▶ **Work request**
Transcribe all the lines below exactly. Omit the pictures.

▶ **The data**
- Opening Delimiter -

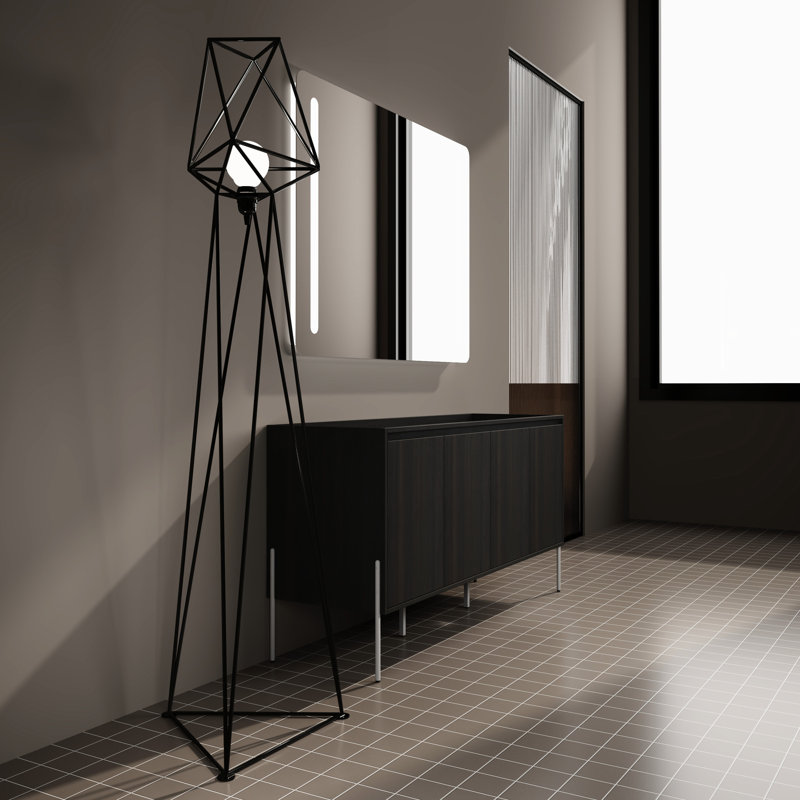 Meuble-lavabo 60 po en chêne foncé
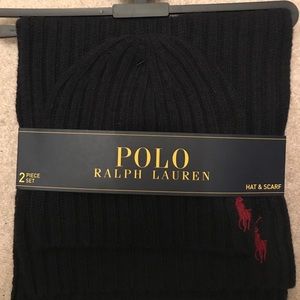 Men’s Polo by Ralph Lauren Hat and Scarf Set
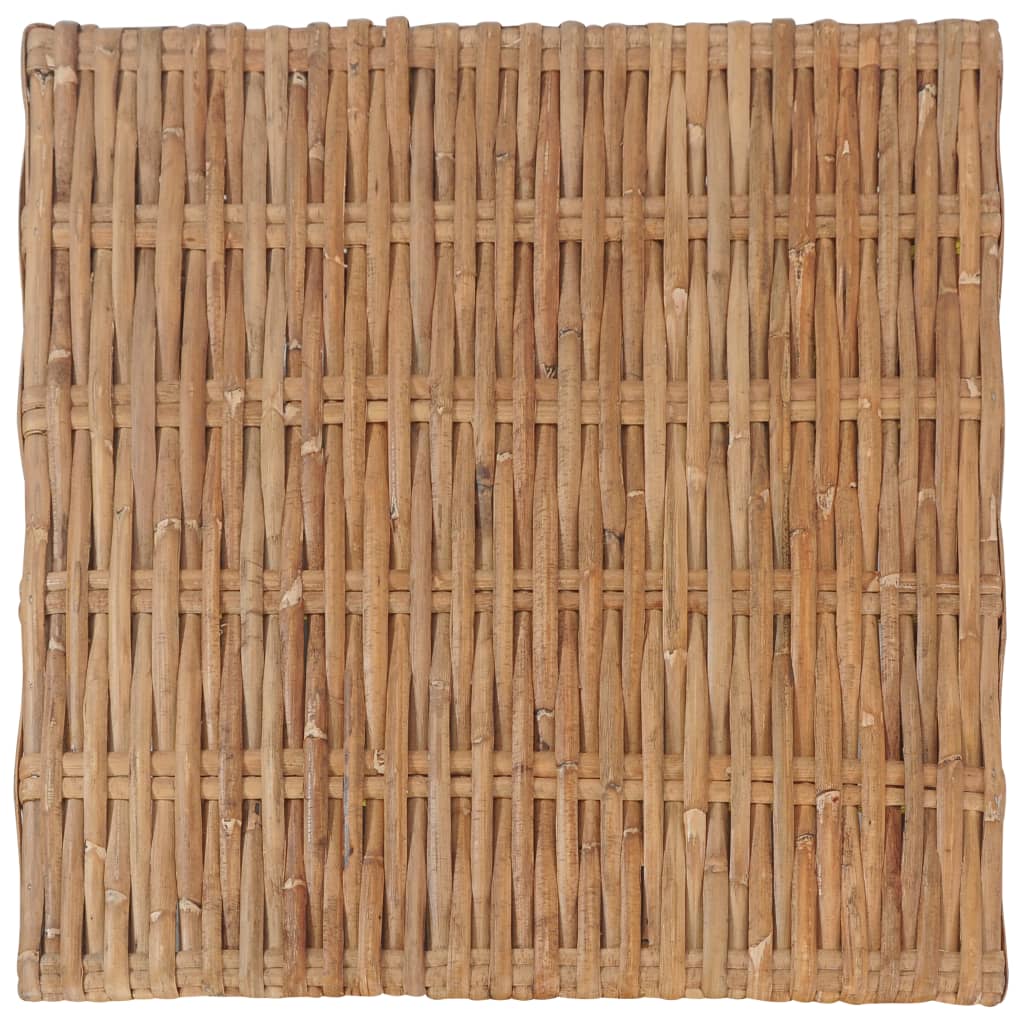 vidaXL Taburet cu pernă, ratan natural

- Closing Delimiter -

▶ **Task solution**
 Meuble-lavabo 60 po en chêne foncé
 Men’s Polo by Ralph Lauren Hat and Scarf Set
 vidaXL Taburet cu pernă, ratan natural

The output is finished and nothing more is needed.